N-Glycans are covalently linked to an asparagine (Asn) of the peptide backbone. The consensus sequence Asn-X-Ser/Thr (Ser = serine, Thr = threonine), where X can be any amino acid except proline, forms a potential N-glycosylation site. Importantly, not all potential N-glycosylation sites are occupied by N-glycans. The enzyme peptide N-glycosidase F (PNGase F) can cleave the N-glycan off the asparagine.

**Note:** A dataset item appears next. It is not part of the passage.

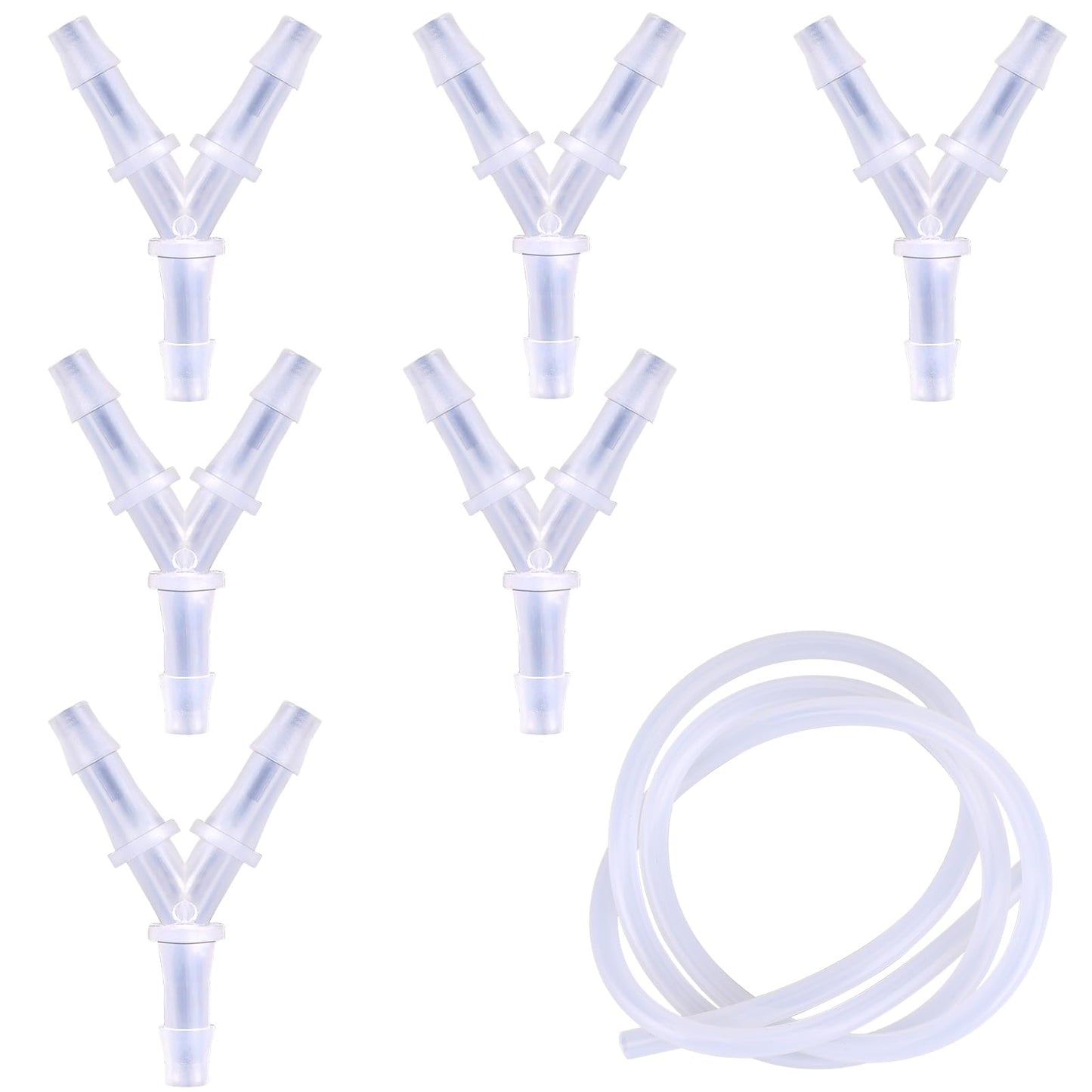 KALIONE 6 Packs Aquarium Air Valve, Y-Shaped Aquarium Airline Tubing, Aquarium Air Pump Accessories, Air Hose Splitter, 3 Way Oxygen Tubing Connectors with 1 Pipe Fitting for Fish Tank Aquarium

All N-glycans consist of a common core-structure of three mannoses (Man) and two N-acetylglucosamines (GlcNAc): Man3GlcNAc2. The core can be further elongated by i) only mannoses resulting in high-mannose type N-glycans; ii) antennae containing galactose (Gal) and GlcNAc repeats, referred to as LacNAc repeat, antenna- or core-attached fucoses (Fuc) and terminal sialic acids (N-acetylneuraminic acid, NeuAc) forming complex type glycans. Depending on the number of antennae added, one distinguishes between di-, tri- and tetra-antennary N-glycans; iii) a mixture of the two with one high-mannose arm and one complex-type arm forming the hybrid type N-glycan. The illustrated cartoons represent examples, combinations, linkages and the overall extend of the elongations is highly heterogeneous.